SHARE

Fishing has been front and center in my life since I was born. On my dad’s side of the family, my grandfather dragged me along to every bluegill hole, trout stream, and catfish lake in the state. My mom’s parents owned a bait and tackle shop in Central New Jersey. After school, mom would happily bait my hooks and untangle my line at local ponds. My dad took me fishing anywhere I wanted to go. We were such a fishing family that even when I wasn’t on the water, I still fished. Rubber sharks became tarpon. Paperclips became hooks. The deck of my childhood home was my mighty fishing boat, and when the sun went down the couch became the pier. Looking back on it now, I was extremely lucky.

The reality is, that even a kid raised with so much opportunity to fish isn’t necessarily going to catch the fire for life. After all, I have many hardcore angler buddies whose kids haven’t fully taken the bait, despite the best efforts of their parents.

I’ve had two chances; My 7-year-old daughter, Charlotte, has already lost interest in fishing, but taking her when she was littler instilled a deep love of nature, critters, and just getting dirty outside. I’m thrilled with that. My 4-year-old son, Jamie, is more obsessed with fishing than I was at his age (which is no easy feat). In talking to parents like me who want their kids to embrace the sport, I’ve picked up on some common mistakes. Through their experiences, and my own, I’ve come up with some of the most common mistakes parents make when setting their little people on paths to fishing obsession.

They Wait for the “Perfect” Age

I know a few anglers who have kids in the 6- to 10-year-old age range. They talk about getting their kids into fishing all the time, but they don’t take them out very often. I get the impression that they’re waiting for them to hit a certain age or maturity level that allows them to do cooler trips than just worm dunking for bluegills. I understand this, because I can’t wait for my son to be old enough to join me offshore and on 10-mile river floats. But in my experience, if you don’t rope a kid by 4 or 5 years old, it becomes harder to get them excited. By 7 or 8, they’ve already decided their thing is skateboards or soccer or dance or video games. Don’t wait. Start as soon as they can walk.
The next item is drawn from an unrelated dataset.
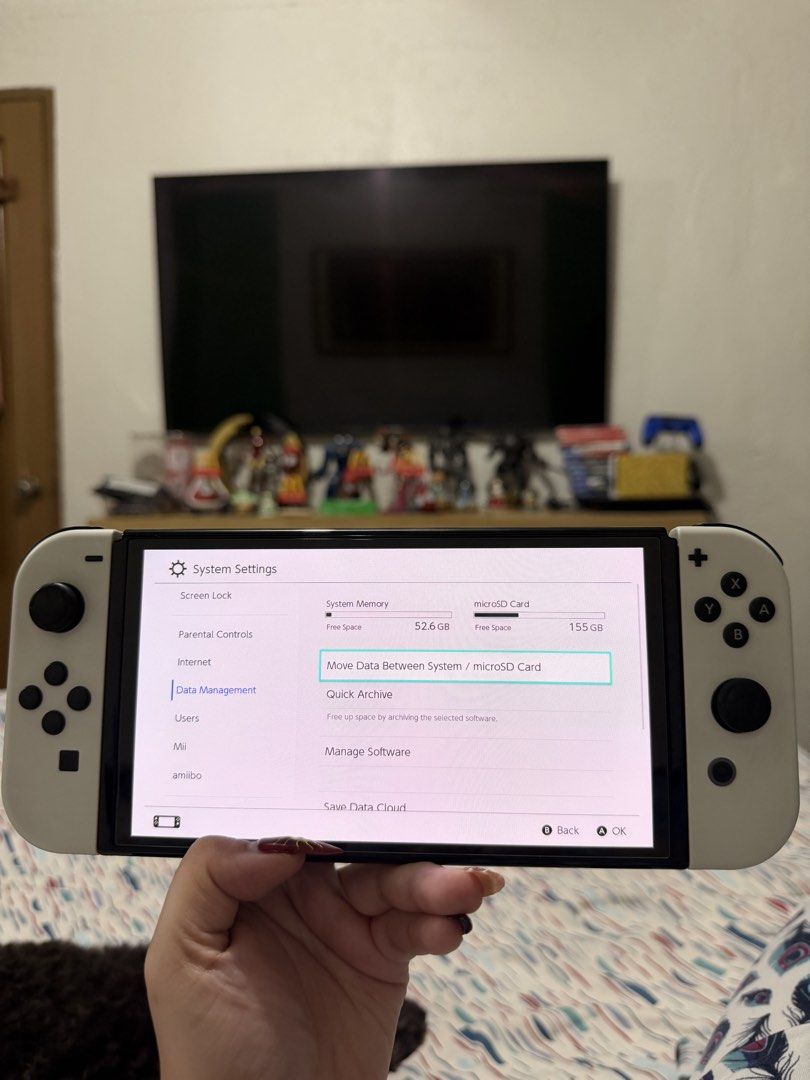 Switch oled white for sale (Category: Nintendo) located in Quezon City. Submitted by findme.ph (Listing ID 1469347991, Image 3). Description: Switch Oled White with 20+ shared games Price: 13,000 Included Console bag (black) Tempered glass (for installation) Thumbstick grip cover Joycons (L) (R) Hdmi Dock Joycon grip Adopter SD CARD NOT INCLUDED Games: The Survivalists Real Boxing 2 LEGO® Marvel Super Heroes 2 Deluxe Edition Mortal Kombat 11 Ulti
They Save Fishing for the Water

So how do you start “fishing” with a kid still in a highchair? The answer, in my opinion, is not strapping them to your back and wading a stream. I see this often and, frankly, it just looks like a pain in the ass. I hated schlepping them on my back at the zoo let alone while false casting and balancing on rocks. Instead, buy a book loaded with cool gamefish illustrations or fly and lure photos. Look at it together. Make a game out of them memorizing fish names. Have them point to all the red flies on the page. Order a plastic trout your little tyke can gnaw on. Make sure one of the plushies on his or her bed is modeled after a fish you like to catch. The more fish and fishing related things a kid sees early on, the more likely that kid will begin to recognize that fishing is important in your family.

They Go Fishing Too Often

This may sound counterintuitive, but I’m a firm believer in not taking young kids fishing too much. I try to get mine on the water about twice a month. I could get them out a lot more, but I want real fishing to be something special. My son is perfectly happy play fishing day after day, but when I say we’re going fishing for real, oh man, he loses it. I don’t ever want that excitement to go away. I want him to be like I was at his age: unable to fall asleep the night before opening day of trout. I worry that if I take him fishing too often at 4 years old, that vigor could wear off. If he gets to be 9 or 10 and still has this much fire for the sport, then game on—I’ll take him as much as he wants to go.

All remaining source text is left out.